No-one leaves Costa Rica without the above phrase echoing in their head like tropical birdsong. It perfectly encapsulates the spirit of a country which sees its natural resources as an integral part of its economy and simultaneously manages them with sustainability as a core principle.

My destination for this holiday? Drake Bay, in the Osa Peninsula, nestled in the lush forests of the south-west. It’s not easy to get to, but I’ve been promised virgin-growth rainforests and more wildlife and eye-watering beaches and sun than I can shake a bottle of rum at.

The taxi driver taking me from Palma Norte to Sierpe, from where I catch my river taxi to Drake Bay, points out of the window at passing fields, while rock cristiano blasts from the tinny speakers. Despite the focus on sustainability in the eco-resorts, fisheries and banana and coffee plantations of Costa Rica, palm oil plantations (almost all US-owned) are springing up as the new crop of choice, particularly in the south west of the country.

All this, used to be bananas. Now its palm oil.”

Boats for Drake Bay leave from La Perla del Sur, sitting at the mouth of the lush mangroves in Sierpe. Run by the improbably named Don Jorge, the service and food at this restaurant is excellent and provides spellbinding views of a tapestry of forest, river and sky. I sit, enjoy my Imperial cerveza, and listen to birdsong. With the enthusiasm of an amateur orthinologist, I ask the waiter which species is responsible for the more alluring squealing sounds. It’s the fridge in the kitchen, he replies. I nod sagely, stroking my beard.

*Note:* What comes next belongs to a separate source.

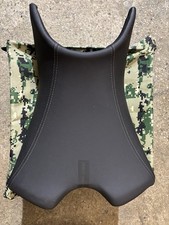 Sattel Nk125 CFMoto mit kleinem Nahtfehler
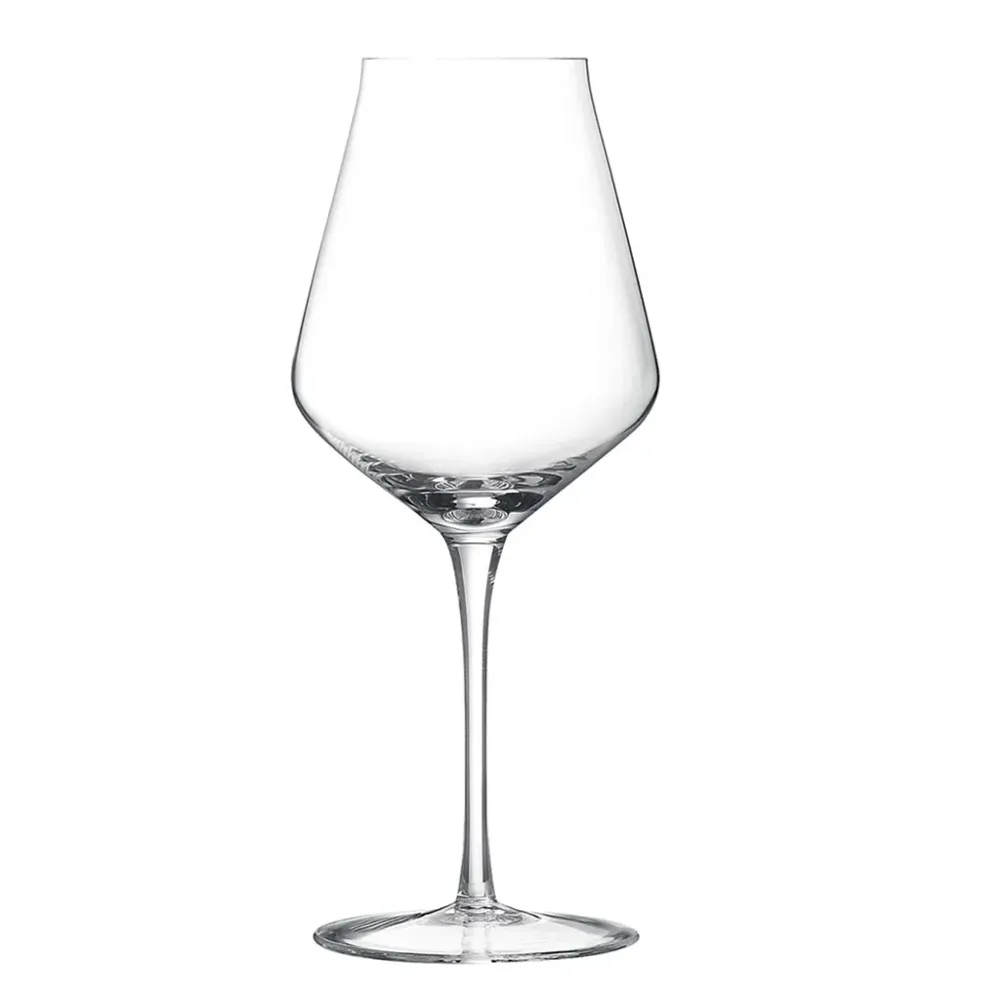 Produit : Verre à pied REVEAL'UP Soft 40 cl Chef & Sommelier - Ambiance & Styles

On the boat ride over to Drake Bay, I chat to Peter, a Canadian man who has lived in Drake Bay for over 20 years. He tells me about the days when ‘the Colombians’ regularly dumped packages of narcotics off the coast, where local drug runners would scoop them up and deliver the goods onwards and upwards, to the US. He is also the first of many who describes regularly catching the largest fish in the world, which he doesn’t register with the Guinness World Book of Records, in fear of attracting trawlers and sport fisherman to the bay. I can only pray that the two are not connected.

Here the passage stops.